* _TASK TO CARRY OUT_: Every line from the one with "tooth extraction" through the end of the material should be written out character for character. Lines before it are excluded.

▬▬▬▬▬▬▬▬▬▬

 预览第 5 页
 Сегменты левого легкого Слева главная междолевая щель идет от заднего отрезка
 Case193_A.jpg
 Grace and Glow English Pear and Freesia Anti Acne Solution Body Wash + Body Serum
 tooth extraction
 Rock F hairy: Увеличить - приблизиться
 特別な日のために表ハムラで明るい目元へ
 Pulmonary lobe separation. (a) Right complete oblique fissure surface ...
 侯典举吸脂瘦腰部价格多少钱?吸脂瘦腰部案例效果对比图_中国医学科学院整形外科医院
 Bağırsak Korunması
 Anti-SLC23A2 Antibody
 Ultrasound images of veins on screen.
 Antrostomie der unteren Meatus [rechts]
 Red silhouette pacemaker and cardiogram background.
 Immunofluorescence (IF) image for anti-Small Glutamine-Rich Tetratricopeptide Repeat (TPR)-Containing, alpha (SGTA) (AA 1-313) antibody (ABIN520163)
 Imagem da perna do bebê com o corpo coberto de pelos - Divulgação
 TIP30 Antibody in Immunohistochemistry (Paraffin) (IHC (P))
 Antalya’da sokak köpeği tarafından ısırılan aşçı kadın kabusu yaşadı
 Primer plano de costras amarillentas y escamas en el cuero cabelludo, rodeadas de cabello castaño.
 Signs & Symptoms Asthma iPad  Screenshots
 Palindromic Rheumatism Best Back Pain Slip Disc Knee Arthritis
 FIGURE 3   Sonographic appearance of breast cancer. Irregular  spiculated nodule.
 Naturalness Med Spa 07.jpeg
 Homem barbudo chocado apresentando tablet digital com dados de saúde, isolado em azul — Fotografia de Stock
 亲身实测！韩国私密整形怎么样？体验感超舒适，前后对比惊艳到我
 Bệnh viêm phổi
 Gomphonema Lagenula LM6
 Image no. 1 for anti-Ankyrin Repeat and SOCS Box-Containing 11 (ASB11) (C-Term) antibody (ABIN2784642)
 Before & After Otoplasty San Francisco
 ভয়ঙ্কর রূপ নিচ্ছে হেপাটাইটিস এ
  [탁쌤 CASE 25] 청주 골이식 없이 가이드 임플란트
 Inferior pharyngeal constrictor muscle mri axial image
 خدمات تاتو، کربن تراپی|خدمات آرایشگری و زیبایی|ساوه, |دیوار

▬▬▬▬▬▬▬▬▬▬

* _ANSWER_:
 tooth extraction
 Rock F hairy: Увеличить - приблизиться
 特別な日のために表ハムラで明るい目元へ
 Pulmonary lobe separation. (a) Right complete oblique fissure surface ...
 侯典举吸脂瘦腰部价格多少钱?吸脂瘦腰部案例效果对比图_中国医学科学院整形外科医院
 Bağırsak Korunması
 Anti-SLC23A2 Antibody
 Ultrasound images of veins on screen.
 Antrostomie der unteren Meatus [rechts]
 Red silhouette pacemaker and cardiogram background.
 Immunofluorescence (IF) image for anti-Small Glutamine-Rich Tetratricopeptide Repeat (TPR)-Containing, alpha (SGTA) (AA 1-313) antibody (ABIN520163)
 Imagem da perna do bebê com o corpo coberto de pelos - Divulgação
 TIP30 Antibody in Immunohistochemistry (Paraffin) (IHC (P))
 Antalya’da sokak köpeği tarafından ısırılan aşçı kadın kabusu yaşadı
 Primer plano de costras amarillentas y escamas en el cuero cabelludo, rodeadas de cabello castaño.
 Signs & Symptoms Asthma iPad  Screenshots
 Palindromic Rheumatism Best Back Pain Slip Disc Knee Arthritis
 FIGURE 3   Sonographic appearance of breast cancer. Irregular  spiculated nodule.
 Naturalness Med Spa 07.jpeg
 Homem barbudo chocado apresentando tablet digital com dados de saúde, isolado em azul — Fotografia de Stock
 亲身实测！韩国私密整形怎么样？体验感超舒适，前后对比惊艳到我
 Bệnh viêm phổi
 Gomphonema Lagenula LM6
 Image no. 1 for anti-Ankyrin Repeat and SOCS Box-Containing 11 (ASB11) (C-Term) antibody (ABIN2784642)
 Before & After Otoplasty San Francisco
 ভয়ঙ্কর রূপ নিচ্ছে হেপাটাইটিস এ
  [탁쌤 CASE 25] 청주 골이식 없이 가이드 임플란트
 Inferior pharyngeal constrictor muscle mri axial image
 خدمات تاتو، کربن تراپی|خدمات آرایشگری و زیبایی|ساوه, |دیوار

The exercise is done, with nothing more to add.